Could you print the lines below exactly, from the one holding "Buty do biegania" through the last line, with no other output?

Source records

.....

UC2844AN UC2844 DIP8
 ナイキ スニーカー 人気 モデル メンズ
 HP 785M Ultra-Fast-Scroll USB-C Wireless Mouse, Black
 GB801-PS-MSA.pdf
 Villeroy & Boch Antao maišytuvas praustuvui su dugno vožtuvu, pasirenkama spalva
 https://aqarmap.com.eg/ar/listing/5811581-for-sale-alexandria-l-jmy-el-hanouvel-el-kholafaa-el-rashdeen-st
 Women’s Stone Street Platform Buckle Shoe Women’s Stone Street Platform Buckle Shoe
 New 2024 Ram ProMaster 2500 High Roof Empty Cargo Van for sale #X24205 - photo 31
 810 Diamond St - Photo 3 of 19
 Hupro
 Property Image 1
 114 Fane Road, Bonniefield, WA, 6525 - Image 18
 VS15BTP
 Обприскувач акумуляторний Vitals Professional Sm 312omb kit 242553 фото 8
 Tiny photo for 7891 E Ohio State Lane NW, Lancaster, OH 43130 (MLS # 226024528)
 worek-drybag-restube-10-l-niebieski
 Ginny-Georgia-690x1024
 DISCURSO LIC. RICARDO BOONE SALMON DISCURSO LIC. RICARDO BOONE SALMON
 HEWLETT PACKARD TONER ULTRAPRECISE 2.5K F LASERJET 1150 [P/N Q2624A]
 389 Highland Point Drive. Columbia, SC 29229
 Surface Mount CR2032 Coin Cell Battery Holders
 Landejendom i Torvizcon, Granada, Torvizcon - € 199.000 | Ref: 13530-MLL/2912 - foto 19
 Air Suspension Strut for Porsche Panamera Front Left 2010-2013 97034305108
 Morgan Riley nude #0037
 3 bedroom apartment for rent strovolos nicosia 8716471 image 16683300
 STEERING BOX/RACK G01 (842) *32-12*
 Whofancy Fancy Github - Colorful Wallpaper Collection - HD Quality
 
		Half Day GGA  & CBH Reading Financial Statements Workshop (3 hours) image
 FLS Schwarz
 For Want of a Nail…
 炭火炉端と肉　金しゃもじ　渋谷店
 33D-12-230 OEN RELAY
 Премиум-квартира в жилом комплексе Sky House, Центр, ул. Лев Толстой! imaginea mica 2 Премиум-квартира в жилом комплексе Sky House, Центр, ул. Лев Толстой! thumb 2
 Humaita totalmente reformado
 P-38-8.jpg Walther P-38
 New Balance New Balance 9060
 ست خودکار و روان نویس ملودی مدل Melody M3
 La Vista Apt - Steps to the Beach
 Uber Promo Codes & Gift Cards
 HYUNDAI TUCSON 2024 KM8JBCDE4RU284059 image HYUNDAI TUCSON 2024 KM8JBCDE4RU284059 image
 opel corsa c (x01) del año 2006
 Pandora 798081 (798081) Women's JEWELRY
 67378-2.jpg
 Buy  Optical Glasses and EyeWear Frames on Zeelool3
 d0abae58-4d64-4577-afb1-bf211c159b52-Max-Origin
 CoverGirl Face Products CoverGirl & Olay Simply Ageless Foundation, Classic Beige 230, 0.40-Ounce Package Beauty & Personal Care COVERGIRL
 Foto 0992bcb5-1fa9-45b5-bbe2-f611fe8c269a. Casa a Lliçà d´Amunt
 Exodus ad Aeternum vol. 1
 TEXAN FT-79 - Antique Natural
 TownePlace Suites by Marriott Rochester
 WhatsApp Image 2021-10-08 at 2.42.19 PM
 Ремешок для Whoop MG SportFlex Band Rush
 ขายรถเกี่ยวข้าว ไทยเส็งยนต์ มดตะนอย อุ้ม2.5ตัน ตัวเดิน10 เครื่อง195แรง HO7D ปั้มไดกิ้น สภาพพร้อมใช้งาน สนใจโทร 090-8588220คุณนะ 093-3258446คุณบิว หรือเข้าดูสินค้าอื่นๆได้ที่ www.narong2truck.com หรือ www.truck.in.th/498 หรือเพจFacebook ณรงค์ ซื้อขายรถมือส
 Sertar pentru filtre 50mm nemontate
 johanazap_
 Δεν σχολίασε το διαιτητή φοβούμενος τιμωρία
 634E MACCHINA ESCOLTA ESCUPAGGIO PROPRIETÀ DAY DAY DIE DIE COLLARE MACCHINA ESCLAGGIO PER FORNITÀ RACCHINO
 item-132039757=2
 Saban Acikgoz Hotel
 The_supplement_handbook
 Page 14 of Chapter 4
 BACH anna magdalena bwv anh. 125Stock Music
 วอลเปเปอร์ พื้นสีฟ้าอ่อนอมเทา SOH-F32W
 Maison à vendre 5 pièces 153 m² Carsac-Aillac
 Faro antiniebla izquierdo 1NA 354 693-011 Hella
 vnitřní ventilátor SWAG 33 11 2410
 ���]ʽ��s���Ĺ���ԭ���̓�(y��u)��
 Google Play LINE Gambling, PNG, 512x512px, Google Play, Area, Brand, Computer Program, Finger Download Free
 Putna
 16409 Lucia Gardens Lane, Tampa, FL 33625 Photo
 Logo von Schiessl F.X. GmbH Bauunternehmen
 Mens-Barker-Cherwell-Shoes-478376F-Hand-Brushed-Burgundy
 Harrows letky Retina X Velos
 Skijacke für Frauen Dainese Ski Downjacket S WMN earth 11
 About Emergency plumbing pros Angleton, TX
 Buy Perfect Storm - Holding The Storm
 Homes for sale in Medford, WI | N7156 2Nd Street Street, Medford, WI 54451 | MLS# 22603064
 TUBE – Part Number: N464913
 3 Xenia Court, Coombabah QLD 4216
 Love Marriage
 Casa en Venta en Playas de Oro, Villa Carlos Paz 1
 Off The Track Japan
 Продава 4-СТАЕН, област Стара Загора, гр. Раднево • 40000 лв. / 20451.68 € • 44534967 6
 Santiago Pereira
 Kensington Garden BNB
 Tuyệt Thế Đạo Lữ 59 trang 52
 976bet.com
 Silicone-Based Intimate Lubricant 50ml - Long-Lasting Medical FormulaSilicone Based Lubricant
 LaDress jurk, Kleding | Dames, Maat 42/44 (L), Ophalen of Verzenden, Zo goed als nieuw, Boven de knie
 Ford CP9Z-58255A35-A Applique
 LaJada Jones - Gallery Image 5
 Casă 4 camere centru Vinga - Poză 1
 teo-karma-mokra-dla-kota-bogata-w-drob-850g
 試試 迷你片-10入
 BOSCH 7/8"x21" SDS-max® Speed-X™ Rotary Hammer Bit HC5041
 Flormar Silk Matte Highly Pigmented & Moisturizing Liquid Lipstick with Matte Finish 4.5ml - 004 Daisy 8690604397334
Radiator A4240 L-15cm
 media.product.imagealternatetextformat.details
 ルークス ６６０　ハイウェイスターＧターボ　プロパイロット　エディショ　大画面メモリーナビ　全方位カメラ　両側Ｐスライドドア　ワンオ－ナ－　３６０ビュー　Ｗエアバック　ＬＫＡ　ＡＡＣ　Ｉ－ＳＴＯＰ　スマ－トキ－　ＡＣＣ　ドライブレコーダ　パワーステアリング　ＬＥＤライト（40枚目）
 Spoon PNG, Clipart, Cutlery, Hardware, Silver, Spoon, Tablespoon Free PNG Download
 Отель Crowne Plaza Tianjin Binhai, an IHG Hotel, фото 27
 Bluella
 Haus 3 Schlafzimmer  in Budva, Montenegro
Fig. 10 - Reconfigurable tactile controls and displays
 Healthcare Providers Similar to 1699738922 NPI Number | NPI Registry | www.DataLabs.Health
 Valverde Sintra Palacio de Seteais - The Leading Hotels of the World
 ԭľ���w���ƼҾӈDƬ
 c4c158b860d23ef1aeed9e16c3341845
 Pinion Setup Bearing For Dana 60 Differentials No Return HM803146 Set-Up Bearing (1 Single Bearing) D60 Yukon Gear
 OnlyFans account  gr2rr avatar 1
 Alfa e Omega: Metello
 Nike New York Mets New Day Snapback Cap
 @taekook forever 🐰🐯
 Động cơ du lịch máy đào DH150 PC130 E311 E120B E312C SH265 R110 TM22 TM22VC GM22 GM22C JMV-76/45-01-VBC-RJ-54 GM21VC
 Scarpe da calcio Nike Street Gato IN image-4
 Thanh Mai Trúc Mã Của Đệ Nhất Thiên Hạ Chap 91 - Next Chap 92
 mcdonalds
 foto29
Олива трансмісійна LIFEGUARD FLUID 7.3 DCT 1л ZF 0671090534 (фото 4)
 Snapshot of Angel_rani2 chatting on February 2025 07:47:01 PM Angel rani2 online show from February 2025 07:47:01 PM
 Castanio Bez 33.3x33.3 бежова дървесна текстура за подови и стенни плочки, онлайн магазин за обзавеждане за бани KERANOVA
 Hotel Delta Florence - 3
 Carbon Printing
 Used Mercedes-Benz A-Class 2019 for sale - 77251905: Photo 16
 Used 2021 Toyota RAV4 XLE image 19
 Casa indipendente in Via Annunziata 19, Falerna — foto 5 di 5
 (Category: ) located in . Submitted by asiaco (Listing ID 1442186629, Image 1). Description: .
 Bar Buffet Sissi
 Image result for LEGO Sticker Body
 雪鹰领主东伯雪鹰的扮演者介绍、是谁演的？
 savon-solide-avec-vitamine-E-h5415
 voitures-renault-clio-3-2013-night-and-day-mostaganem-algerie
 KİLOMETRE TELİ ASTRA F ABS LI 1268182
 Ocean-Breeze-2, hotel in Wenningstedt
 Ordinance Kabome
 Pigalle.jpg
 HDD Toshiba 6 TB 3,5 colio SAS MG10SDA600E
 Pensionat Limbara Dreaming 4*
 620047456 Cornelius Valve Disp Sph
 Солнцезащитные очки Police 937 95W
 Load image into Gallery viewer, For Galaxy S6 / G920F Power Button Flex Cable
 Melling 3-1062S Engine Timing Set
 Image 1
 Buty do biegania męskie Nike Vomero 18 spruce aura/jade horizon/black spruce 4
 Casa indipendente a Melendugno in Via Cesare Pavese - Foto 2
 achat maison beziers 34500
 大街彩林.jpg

.....

▸ **ANSWER SECTION**
 Buty do biegania męskie Nike Vomero 18 spruce aura/jade horizon/black spruce 4
 Casa indipendente a Melendugno in Via Cesare Pavese - Foto 2
 achat maison beziers 34500
 大街彩林.jpg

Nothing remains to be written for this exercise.